The polar regions remain poorly observed relative to other regions on Earth. As a result our physical understanding of polar processes and the interactions within the polar climate system, consisting of atmosphere and oceans, sea ice, ice shelves and ice sheets, remains weak. Since polar climate is sensitive to global warming, the polar regions are hotspots of rapid surface warming, cryospheric melt, and oceanic transformation. Our weak physical understanding of these regions limits confidence in projections of polar climate change and its global impacts. This program will bring together experts from atmospheric, oceanic, cryospheric and fundamental-physics perspectives to consider the physics of past, present, and future polar climate.

This program will cross traditionally siloed scientific domains, which share common physical, theoretical, and methodological foundations.

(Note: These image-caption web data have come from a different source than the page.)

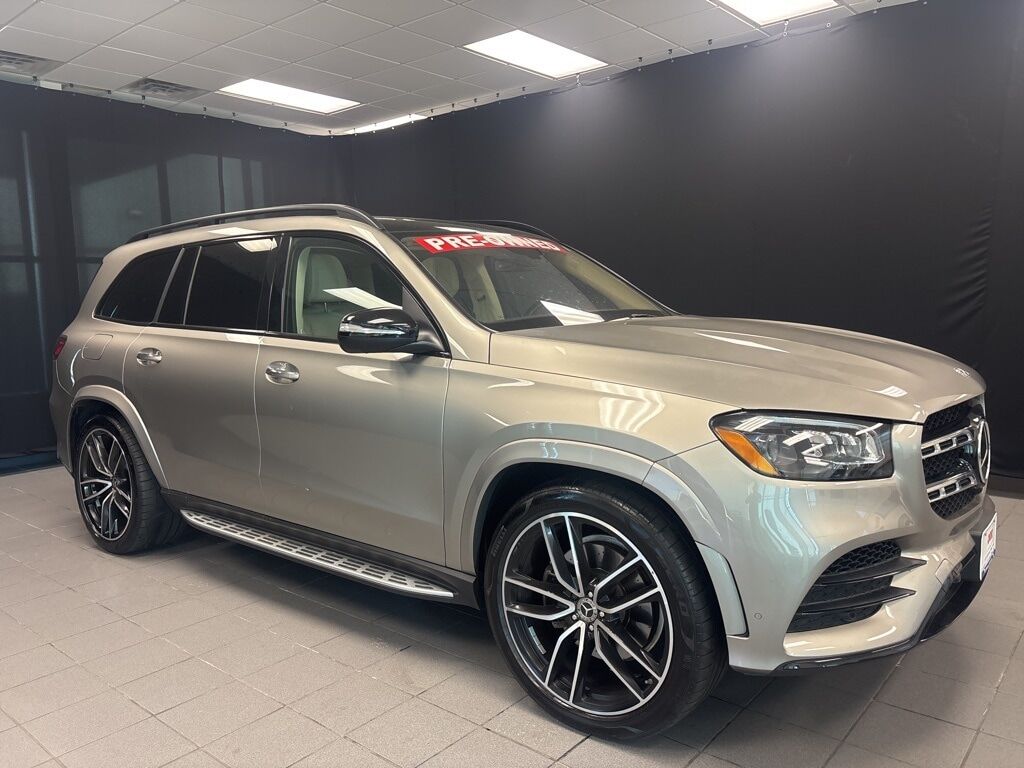 2021 MERCEDES-BENZ GLS-Class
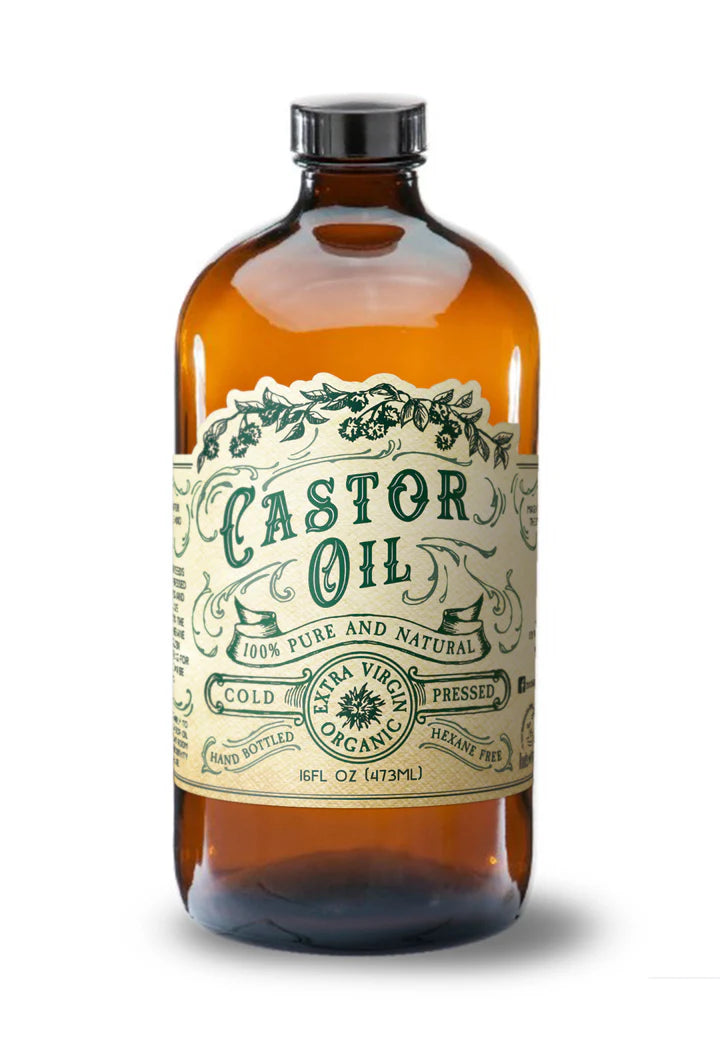 Organic Castor Oil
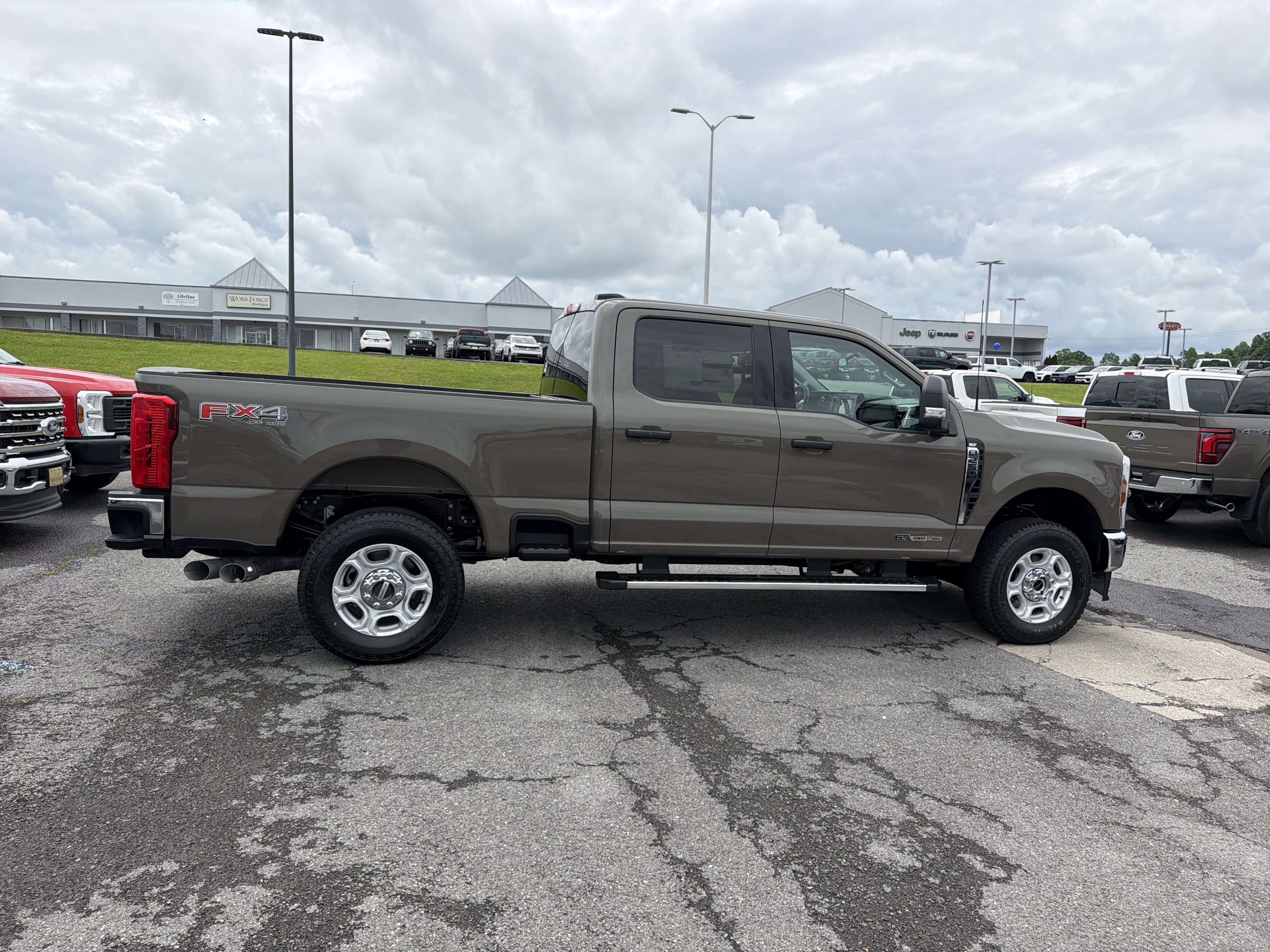 2026 Ford Super Duty F-250 SRW XLT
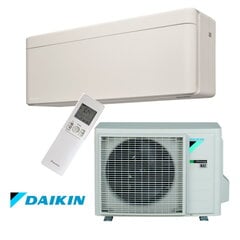 Oro kondicionieriaus komplektas Daikin nordic 3.2/3.0KW kaina ir informacija | Kondicionieriai, šilumos siurbliai, rekuperatoriai | pigu.lt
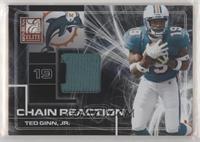 Ted Ginn Jr. [EX to NM] #/199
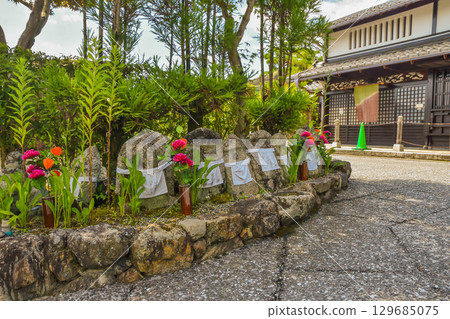 京都奧賀賀的夏日風景 京都奧賀賀的夏日風景 129685075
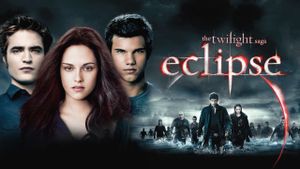 The Twilight Saga: Eclipse's poster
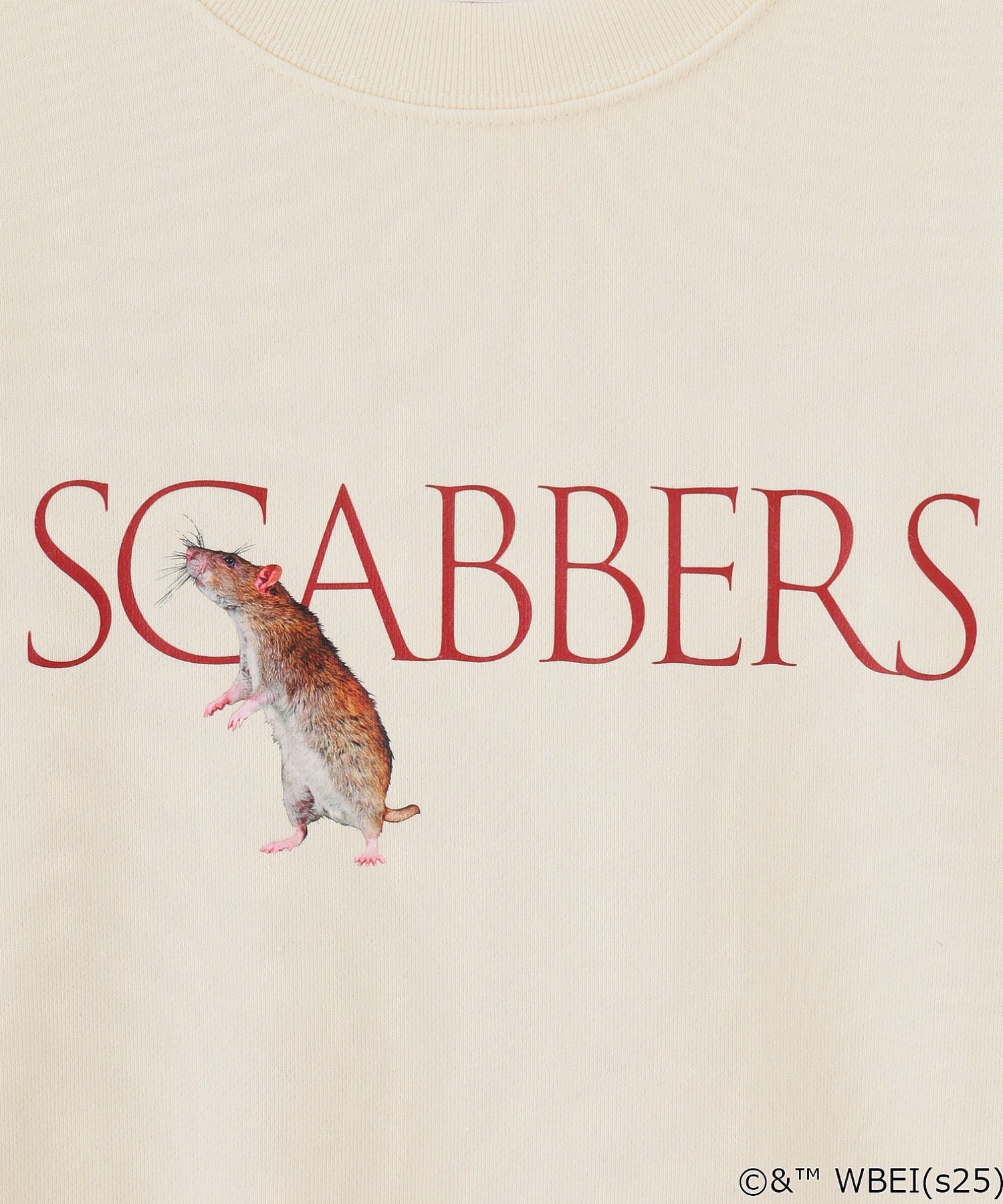 【Sサイズ・Lサイズのみ期間限定受注生産】COLSUN/CROOKSHANKS SWEATSHIRT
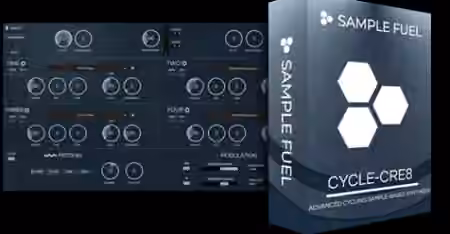 Sample Fuel CYCLE-CRE8 v1.03 [Halion]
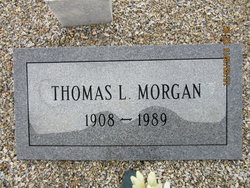 Thomas Leroy Morgan 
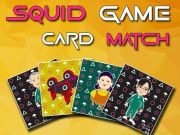 Oyunu Squid Game Hafıza Kartı Maçı  çevrimiçi
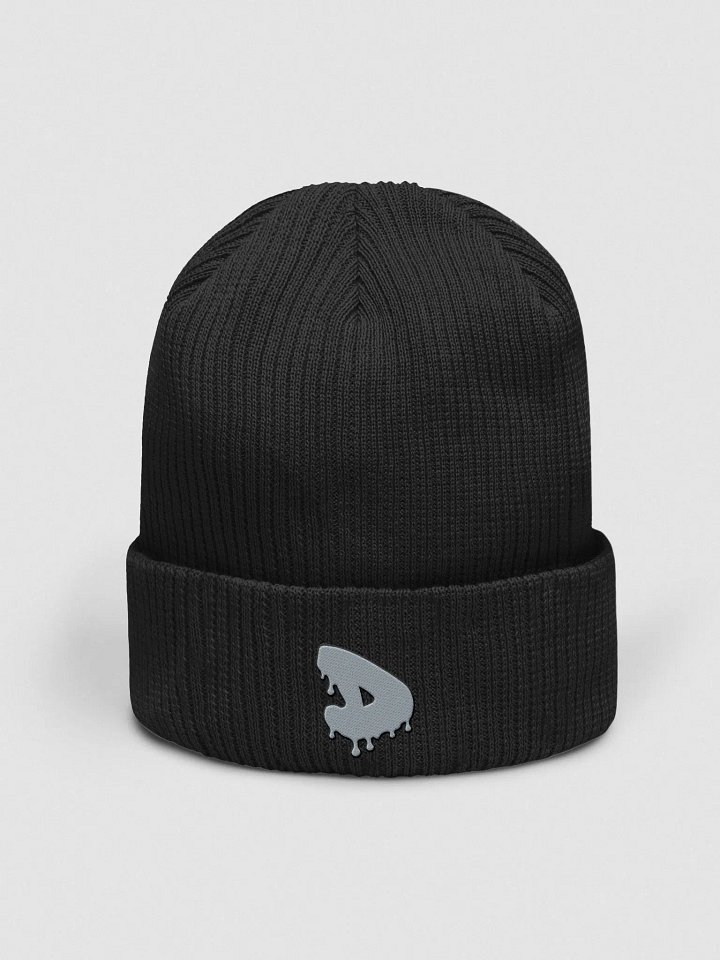 Organic Comfort Ribbed Beanie product image (1)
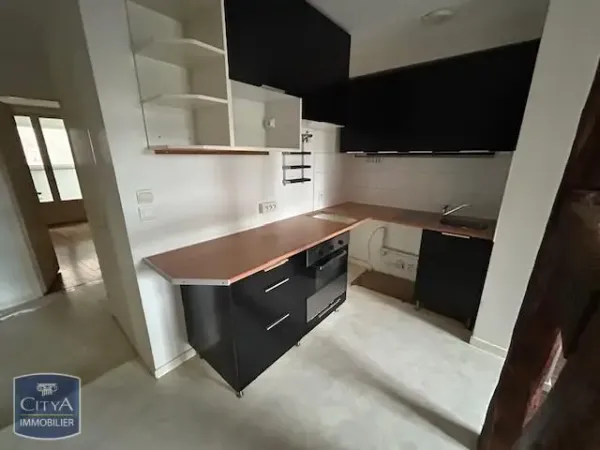 Appartement 3 pièces 47 m²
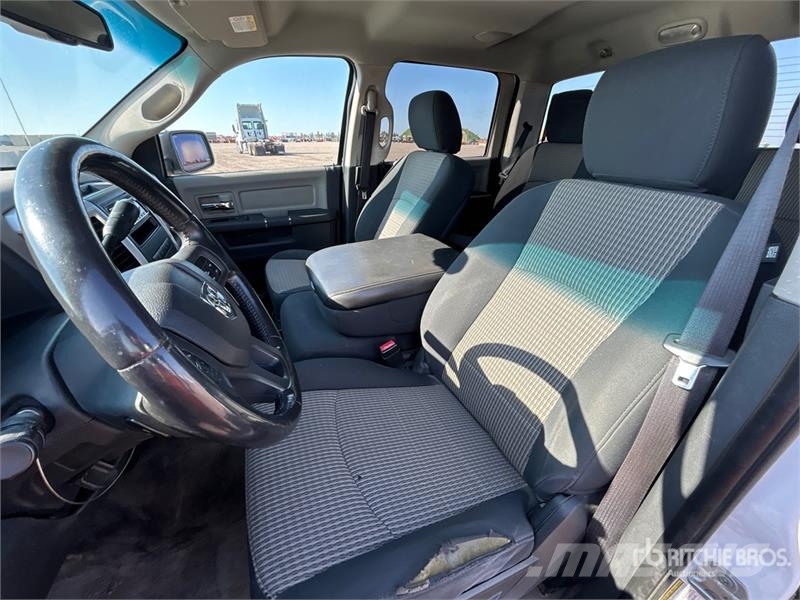 Dodge Ram 2500 Anders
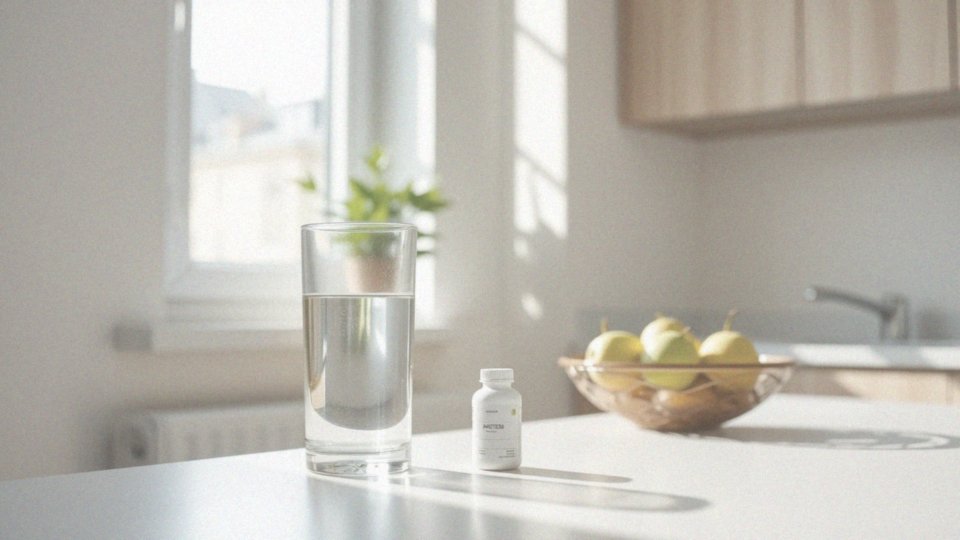 Jakie są efekty podawania probiotyku rano?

We wish to attract a diverse group of participants across research fields, career stage, under-represented groups, as well as gender, from around the world. Urgent scientific issues include sea level rise; the causes and consequences of Arctic amplification of global warming; the coupling between glaciers, ice sheets, the atmosphere and ocean; and the transport of energy, moisture and constituents to and from high latitudes. We seek advances in theory, modeling, process understanding, state and parameter estimation, and observational science in polar regions. Given accelerating anthropogenic climate change in polar regions which urgently requires advances in modeling, observational, and data science, this program is very timely.